Anne Applebaum has an interesting piece in today’s WaPo on what she dubs “The Torture Myth.”

But does torture work? The question has been asked many times since Sept. 11, 2001. I’m repeating it, however, because the Gonzales hearings inspired more articles about our lax methods (“Too Nice for Our Own Good” was one headline), because similar comments may follow this week’s trial of Spec. Charles Graner, the alleged Abu Ghraib ringleader, and because I still cannot find a positive answer. I’ve heard it said that the Syrians and the Egyptians “really know how to get these things done.” I’ve heard the Israelis mentioned, without proof. I’ve heard Algeria mentioned, too, but Darius Rejali, an academic who recently trolled through French archives, found no clear examples of how torture helped the French in Algeria — and they lost that war anyway. “Liberals,” argued an article in the liberal online magazine Slate a few months ago, “have a tendency to accept, all too eagerly, the argument that torture is ineffective.” But it’s also true that “realists,” whether liberal or conservative, have a tendency to accept, all too eagerly, fictitious accounts of effective torture carried out by someone else.

By contrast, it is easy to find experienced U.S. officers who argue precisely the opposite. Meet, for example, retired Air Force Col. John Rothrock, who, as a young captain, headed a combat interrogation team in Vietnam. More than once he was faced with a ticking time-bomb scenario: a captured Vietcong guerrilla who knew of plans to kill Americans. What was done in such cases was “not nice,” he says. “But we did not physically abuse them.” Rothrock used psychology, the shock of capture and of the unexpected. Once, he let a prisoner see a wounded comrade die. Yet — as he remembers saying to the “desperate and honorable officers” who wanted him to move faster — “if I take a Bunsen burner to the guy’s genitals, he’s going to tell you just about anything,” which would be pointless. Rothrock, who is no squishy liberal, says that he doesn’t know “any professional intelligence officers of my generation who would think this is a good idea.”

Or listen to Army Col. Stuart Herrington, a military intelligence specialist who conducted interrogations in Vietnam, Panama and Iraq during Desert Storm, and who was sent by the Pentagon in 2003 — long before Abu Ghraib — to assess interrogations in Iraq. Aside from its immorality and its illegality, says Herrington, torture is simply “not a good way to get information.” In his experience, nine out of 10 people can be persuaded to talk with no “stress methods” at all, let alone cruel and unusual ones. Asked whether that would be true of religiously motivated fanatics, he says that the “batting average” might be lower: “perhaps six out of ten.” And if you beat up the remaining four? “They’ll just tell you anything to get you to stop.”

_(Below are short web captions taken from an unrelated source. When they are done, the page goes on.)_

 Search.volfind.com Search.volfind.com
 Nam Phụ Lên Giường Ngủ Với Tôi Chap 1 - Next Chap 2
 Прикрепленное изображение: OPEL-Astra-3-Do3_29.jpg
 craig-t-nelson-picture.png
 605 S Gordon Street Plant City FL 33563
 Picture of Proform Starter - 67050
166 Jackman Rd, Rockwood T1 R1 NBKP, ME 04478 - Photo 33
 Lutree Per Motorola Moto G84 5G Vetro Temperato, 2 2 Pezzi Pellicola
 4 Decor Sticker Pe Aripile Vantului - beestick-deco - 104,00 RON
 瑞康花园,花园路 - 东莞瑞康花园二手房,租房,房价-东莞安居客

Yep. As I noted in March 2003, torturing captive terrorists is

. . . a horrible idea. Not because it’s morally unjustifiable but because it won’t work. For one thing, information obtained under torture is virtually worthless, since people will say anything to stop the pain. For another, we’ve learned from our experiences with prisoners of war that people are a hell of a lot more likely to surrender to you if they know they’ll be treated humanely.

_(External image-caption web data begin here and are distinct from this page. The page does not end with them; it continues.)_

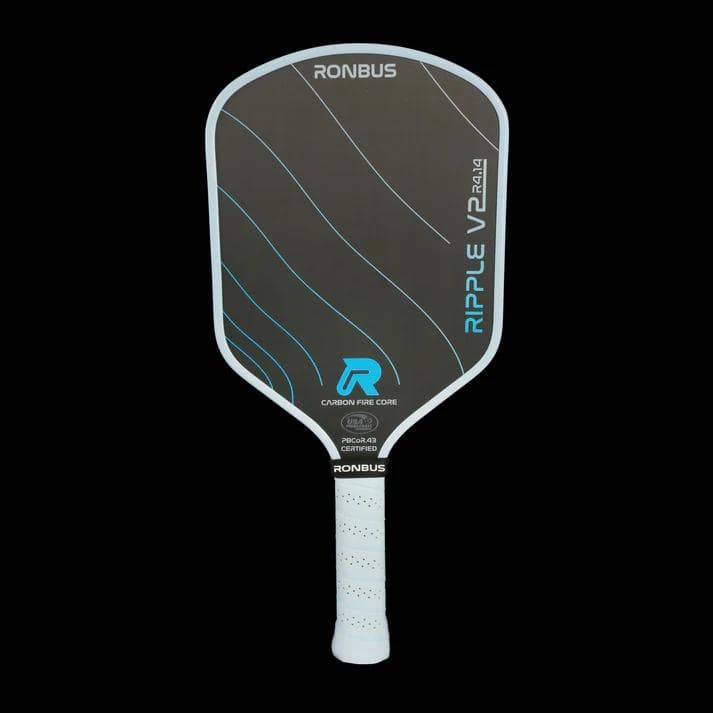 Ronbus Ripple V2 R4.14 新品未使用品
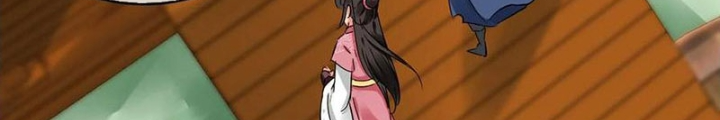 Đệ Nhất Nằm Vùng Nam Tống Chapter 113 - Trang 2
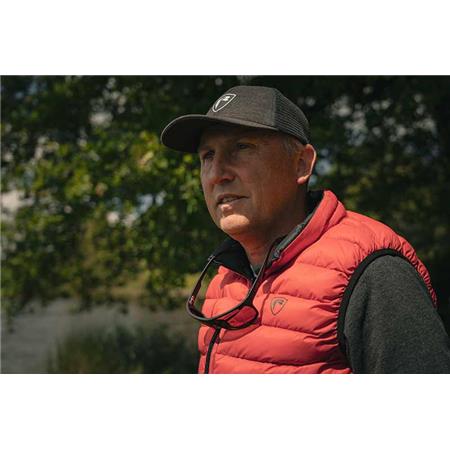 GLASSES CORD FOX RAGE SUNGLASSES LANYARD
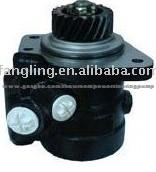 VOLVO 364642 Power Steering Pump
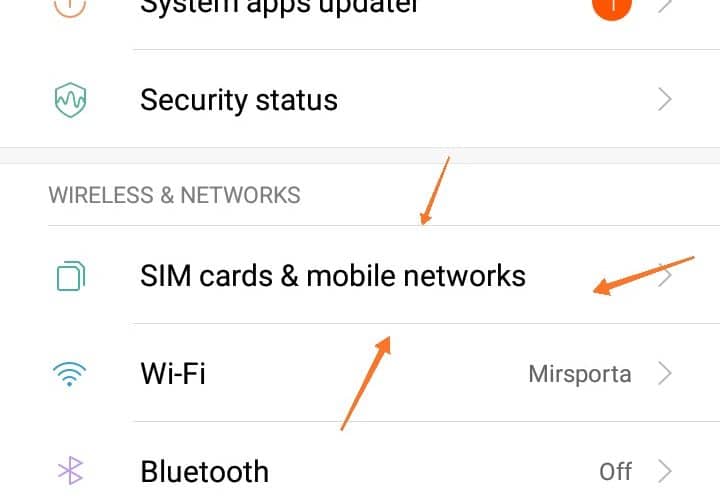 why-is-my-mobile-network-not-available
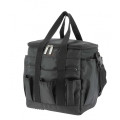 EQUITHÈME pansage bag - Soft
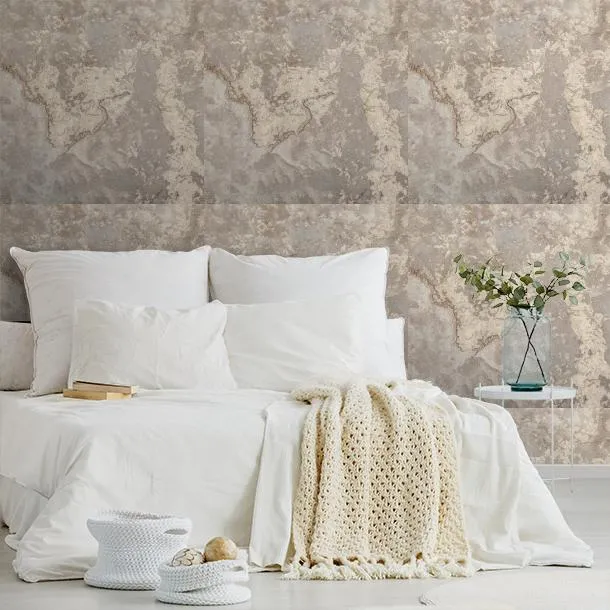 Обои для стен Decori & Decori Forte dei Marmi 2 82608 #8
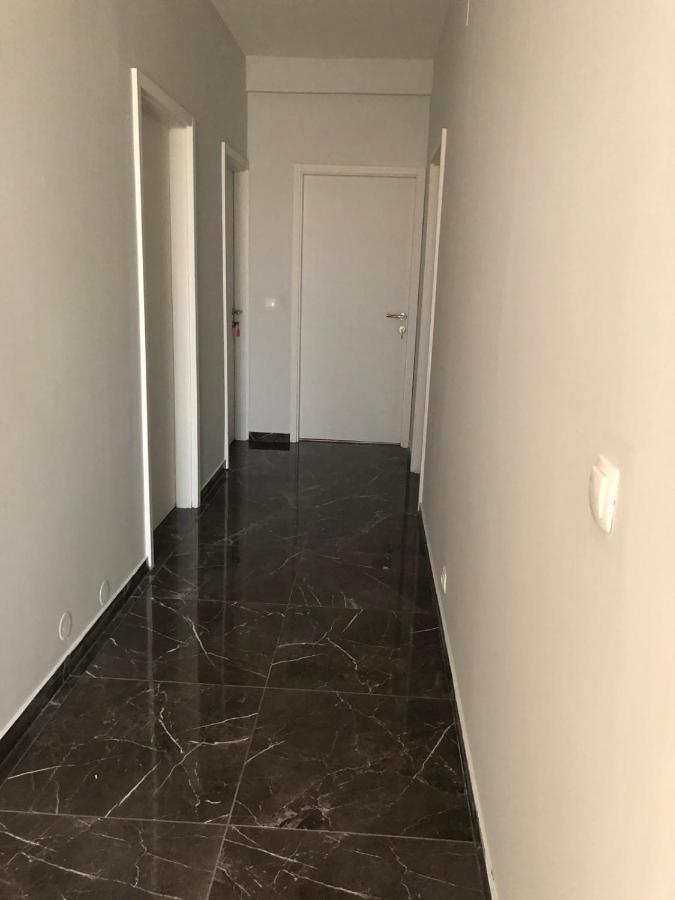 Adriatic Guest house Biograd Na Moru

The other argument, that our torturing prisoners makes it more likely that our prisoners will be treated well, is rather dubious given the present enemy, however.

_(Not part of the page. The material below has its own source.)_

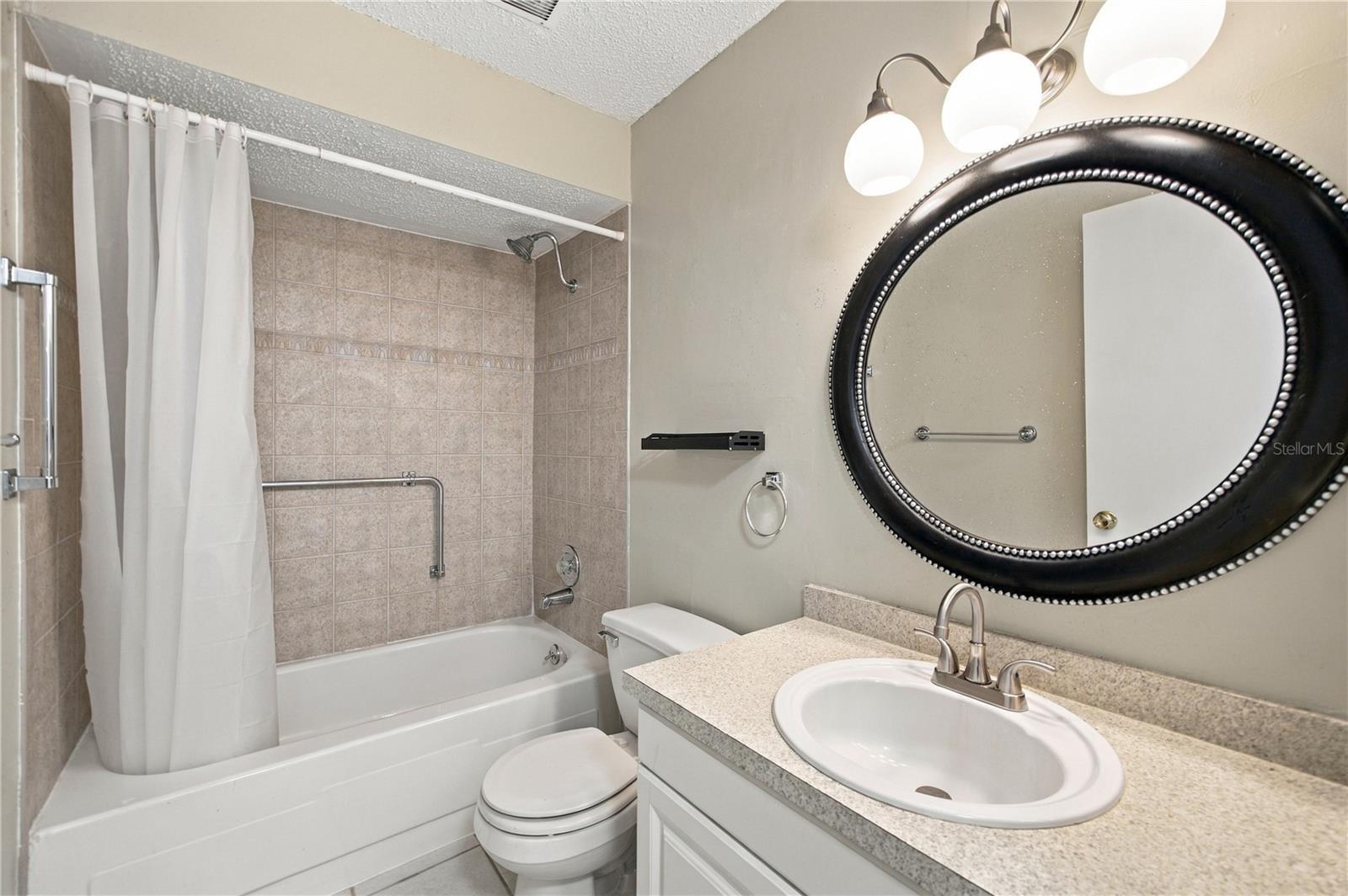1165 Mission Cir #unit 53f Property Photo 11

FILED UNDER: Intelligence, Military Affairs, Terrorism, , , , , , , , , ,
James Joyner
About James Joyner
James Joyner is Professor and Department Head of Security Studies at Marine Corps University's Command and Staff College. He's a former Army officer and Desert Storm veteran. Views expressed here are his own. Follow James on Twitter @DrJJoyner.

Comments

  1. Bithead says:

    One point that’s not being considered here is the cultural differences.

    That someone who, prior to his capture, was quite willing to blow himself up, in the process of killing others… and was willing to wait years to achieve this great goal, does not strike me at the kind of individual who will be swayed by three sqaures, and a roof and so on, to give up information about hgis freinds. Here is someone who has consigned himself to a harsh life and death. He’ll be likely to simply wait out such impronsonment, while giving his captors nothing.

    I suspect that torture is more likely to work under such conditions.

  2. anjin-san says:

    I am not sure if tortue is effective or not.

    One thing I am sure of is that we should be about something. If we pratice or condone tortue we put ourselves on a moral plane with the terrorists.

    The fact that the Bush admin seems to consider torture an option should be troubling to us all. There is a lot more to being “the good guys” then simply proclaiming ourselves to be them.

  3. Eric says:

    I’m begining to think that we should simply stop taking prisoners. Classify any combatant in Iraq not wearing a uniform as a spy, and therefore eligible for summary execution. (If I remember my WWII movies.)

  4. Ric Locke says:

    And, of course, anjin-san’s formulation leads directly to Eric’s, although many would deny it.

    But the thing is, what’s the definition? In the spectrum ranging from the rack and Iron Maiden to unconscionable delays in providing room service, what counts as “torture?”

    Regards,
    Ric

  5. John Thacker says:

    Personally, I think “anjin-san” looks like an idiot, because no one who knows Japanese would put “-san” after his own name.

    This post doesn’t completely solve it either, because the quoted officer was apparently approving of tactics that many of the people fulminating about torture have disapproved of. People have complained about loud music, for example, or other psychological methods, which the quoted officer specifically approves of.

    I oppose torture. I don’t oppose every sort of stressful interrogation, though. I’d like a clear line to be drawn. But the “opponents” of torture are doing no better a job in defining that line either.

  6. anjin-san says:

    John you really should get a life. I don’t speak Japanese. I do like James Clavell books. Most literate people get it.